* Provided material:
■ ■ ■ ■
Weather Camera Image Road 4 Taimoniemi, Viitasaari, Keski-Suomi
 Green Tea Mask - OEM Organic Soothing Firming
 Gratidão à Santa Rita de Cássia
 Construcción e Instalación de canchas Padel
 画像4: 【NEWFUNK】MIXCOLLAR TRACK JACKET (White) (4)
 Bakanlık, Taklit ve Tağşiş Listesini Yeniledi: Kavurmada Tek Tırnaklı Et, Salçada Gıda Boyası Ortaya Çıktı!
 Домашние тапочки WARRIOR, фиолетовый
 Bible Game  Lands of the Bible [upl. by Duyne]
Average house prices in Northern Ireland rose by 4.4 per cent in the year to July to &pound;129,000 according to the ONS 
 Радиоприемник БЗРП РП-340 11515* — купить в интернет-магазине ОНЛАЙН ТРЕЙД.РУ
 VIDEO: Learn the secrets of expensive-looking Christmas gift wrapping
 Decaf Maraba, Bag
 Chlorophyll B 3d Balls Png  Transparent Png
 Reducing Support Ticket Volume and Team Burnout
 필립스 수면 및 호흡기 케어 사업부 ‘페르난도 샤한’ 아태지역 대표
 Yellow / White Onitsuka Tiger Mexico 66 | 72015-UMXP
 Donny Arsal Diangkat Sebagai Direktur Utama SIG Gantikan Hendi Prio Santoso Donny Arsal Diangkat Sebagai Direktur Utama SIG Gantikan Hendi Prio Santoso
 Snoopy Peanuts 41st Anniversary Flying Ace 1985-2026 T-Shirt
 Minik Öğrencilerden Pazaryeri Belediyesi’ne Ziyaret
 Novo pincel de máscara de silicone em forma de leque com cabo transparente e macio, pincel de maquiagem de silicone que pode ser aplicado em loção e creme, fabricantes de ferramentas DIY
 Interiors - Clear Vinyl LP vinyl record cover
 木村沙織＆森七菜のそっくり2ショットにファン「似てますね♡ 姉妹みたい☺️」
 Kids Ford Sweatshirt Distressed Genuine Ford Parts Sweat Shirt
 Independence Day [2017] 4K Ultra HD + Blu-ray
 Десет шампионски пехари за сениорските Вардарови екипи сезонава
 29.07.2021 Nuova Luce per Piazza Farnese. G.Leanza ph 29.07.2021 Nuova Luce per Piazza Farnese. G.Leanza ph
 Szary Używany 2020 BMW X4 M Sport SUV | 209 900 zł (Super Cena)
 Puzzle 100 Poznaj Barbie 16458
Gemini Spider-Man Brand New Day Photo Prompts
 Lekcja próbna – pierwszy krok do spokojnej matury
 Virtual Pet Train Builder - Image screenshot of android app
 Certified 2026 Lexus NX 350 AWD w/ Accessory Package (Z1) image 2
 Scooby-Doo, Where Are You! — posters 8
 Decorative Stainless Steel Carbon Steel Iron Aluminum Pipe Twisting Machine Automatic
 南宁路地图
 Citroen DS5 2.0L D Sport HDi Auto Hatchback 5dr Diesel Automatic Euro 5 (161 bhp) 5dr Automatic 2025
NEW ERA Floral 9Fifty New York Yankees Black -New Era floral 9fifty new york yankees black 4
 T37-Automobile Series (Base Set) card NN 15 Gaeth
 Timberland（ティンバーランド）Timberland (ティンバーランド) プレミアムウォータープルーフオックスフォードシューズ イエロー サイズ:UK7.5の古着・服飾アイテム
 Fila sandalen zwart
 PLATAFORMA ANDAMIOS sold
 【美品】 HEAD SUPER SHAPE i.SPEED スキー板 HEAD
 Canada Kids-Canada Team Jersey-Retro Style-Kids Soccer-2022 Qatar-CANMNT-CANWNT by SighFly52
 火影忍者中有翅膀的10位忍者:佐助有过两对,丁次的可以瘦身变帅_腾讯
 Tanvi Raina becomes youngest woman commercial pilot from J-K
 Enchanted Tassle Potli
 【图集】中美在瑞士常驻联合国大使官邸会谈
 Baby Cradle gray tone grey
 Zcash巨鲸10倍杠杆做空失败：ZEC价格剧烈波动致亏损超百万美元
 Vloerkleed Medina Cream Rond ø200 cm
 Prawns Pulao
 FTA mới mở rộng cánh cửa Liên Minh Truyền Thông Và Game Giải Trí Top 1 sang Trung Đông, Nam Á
■ ■ ■ ■
Give again exactly, and only, the lines above starting at the one with "プレミアムウォータープルーフオックスフォードシューズ イエロー サイズ:UK7.5の古着・服飾アイテム" and ending at the one with "Canada Kids-Canada Team".

* Written answer:
 Timberland（ティンバーランド）Timberland (ティンバーランド) プレミアムウォータープルーフオックスフォードシューズ イエロー サイズ:UK7.5の古着・服飾アイテム
 Fila sandalen zwart
 PLATAFORMA ANDAMIOS sold
 【美品】 HEAD SUPER SHAPE i.SPEED スキー板 HEAD
 Canada Kids-Canada Team Jersey-Retro Style-Kids Soccer-2022 Qatar-CANMNT-CANWNT by SighFly52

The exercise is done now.